The Commons boils over

Was this mess a piece of abstract art? The result of a toddler running amok? Neither — it was just an extremely chaotic prime minister's questions.

At first David Cameron's exchanges with Ed Miliband were relatively civilised. After a return to form last week, the leader of the opposition appeared to be retreating back into statesman mode for his first set of three questions, on Libya. A far cry from the passionate histrionics of last week, true, but he appeared to have elicited a genuine slip from Cameron over a review of the defence review. It will take further reviews of the footage to establish whether this review is really a review worth reviewing in more depth.

In the meantime, therefore, our focus is on Miliband's second set of questions. Again he repeated the tactic of last week, in which he picks a relatively obscure area of policy and doesn't let go. This time round it was the DNA of suspected rapists, and whether it's a good idea to delete them from police computers or not.

It's been a while since Cameron has been able to bash Labour for civil liberties, given Miliband's previous enthusiasm for bashing his own party on the issue. That appeared to have fallen by the wayside today. And so the PM struck his point home hard. "We inherited an unacceptable situation," he said. Prime ministers always enjoy blaming the last lot; even after 13 years in power, New Labour blamed the Tories before them for pretty much everything.

Miliband has no such luxury, so he pressed on. But something odd was happening. The government backbenchers, especially those behind the Cabinet on the front row, were hooting and heckling. Mad cackling was heard. Meanwhile, home secretary Theresa May was giving Cameron the key policy information needed to rebut Miliband's comments.

"I know he wants some help from the home secretary," Miliband quavered, before asking his question.

Cameron stood up, chest billowing out. It was as if those Tory MPs behind him had each been 20 or 30 boxing coaches, each whispering words of encouragement into his ear between rounds. Now he waded into the middle of the ring with all the combined confidence they could muster. "I understand some worry that in this government we actually talk to each other!" he crowed, with all the swagger of the school bully. "This is clearly not the case!"

Miliband was sitting bolt upright in his seat, frowning with the desperate concentration of a child trying to work out whether six times seven equals 41 or 43.

"It's perfectly clear the shadow chancellor and the leader of the Labour party don't speak to each other at all," Cameron crowed. "I have the proof! This week he made a huge announcement on a massive VAT cut, and yet..."

At this point the referee, Speaker John Bercow, intervened to end the duffing-up. It was time for Miliband, shaking himself off, to get back into the fight. "Let me give this lesson to the prime minister," he said, trying to sound sonorous. "Ohhh!" the government's MPs replied in unison, like a gameshow audience being encouraged by Sir Bruce Forsyth.

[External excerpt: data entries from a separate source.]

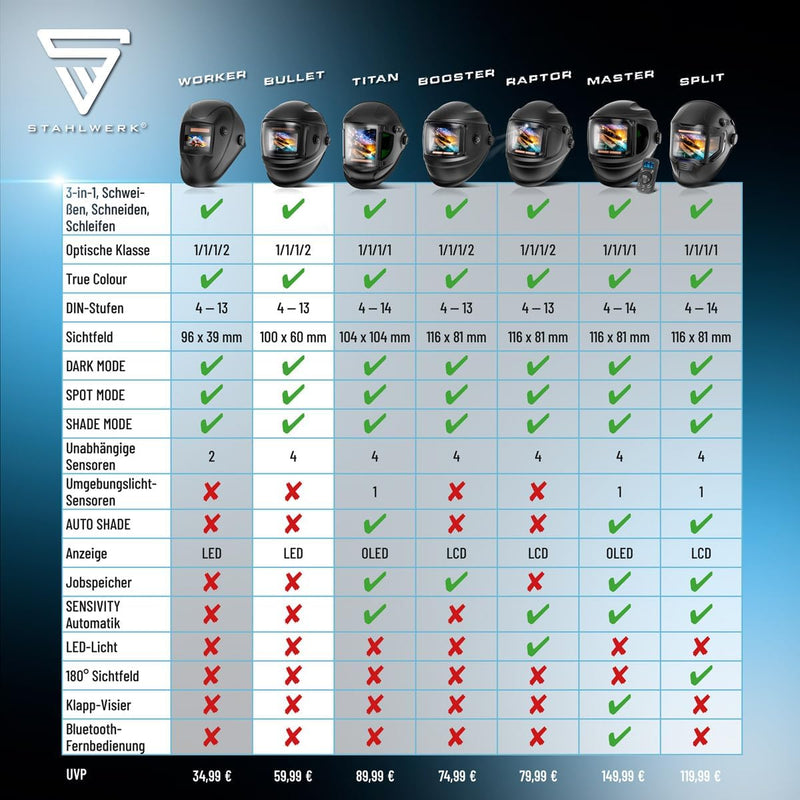 STAHLWERK Automatik-Schweisshelm BULLET 3-in-1 Schweisserhelm | Schweissschild | Schweissmaske mit T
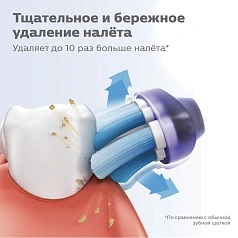 Насадки Philips Sonicare HX9054/33 для здоровья дёсен G3 Premium GumCare 4 шт.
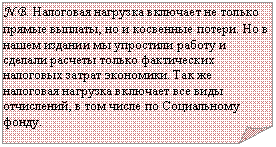 Загнутый угол: N.B. Налоговая нагрузка включает не только прямые выплаты, но и косвенные потери. Но в нашем издании мы упростили работу и сделали расчеты только фактических налоговых затрат экономики. Так же налоговая нагрузка включает все виды отчислений, в том числе по Социальному фонду.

Miliband, scoring his best point of the session, then observed: "It would be better to talk to his colleagues before they put forward the policy, not afterwards!"

Bish! Bosh! Bash! Another blow for the Labour leader. But here was Cameron, ploughing back into the fray once more. He ignored the rather sensitive comments of the head of Rape Crisis Miliband had quoted and, head down, kept pummelling away. "What we tend to find with his questions is he comes up with some idea, gets it completely wrong in the Commons, and we then find out afterwards he's given a partial answer," he seethed.

In the past Cameron has been especially good at finessing his remarks so that the great rhetorical peak comes right at the end, leaving his MPs bellowing for more. Not today. After yet another interruption from the Speaker, all he had time for was: "I'm not surprised he doesn't want to talk about the issues his party's been putting forward this week because I don't suppose he knew about them." There was no yelling or cheering from MPs. Just a continuation of the background ruckus which had continued throughout the exchanges.

That, in Bercow's view, was quite enough. The main event was over, in what appeared to be a bloody scoring draw. It was time for everybody to go home. But MPs, thoroughly worked up, had all the restless unease caused by a missing climax. "The House needs to simmer down and take whatever tablets are necessary," the Speaker urged.

Tory backbencher Marcus Jones had obviously not been taking his medication. Clearly worked up, or perhaps in a bid to just make himself heard, he used measures tones to shout and scream his question.

Jones' concerns about the coalition's "reckless raft of unfunded tax cuts and spending commitments", all uttered in a Midlands howl, proved too much for the Speaker. "The honourable gentleman will now resume his seat!" Bercow boomed. MPs finally shushed each other and settled down — the collective version, we suppose, of 'calm down, dear'.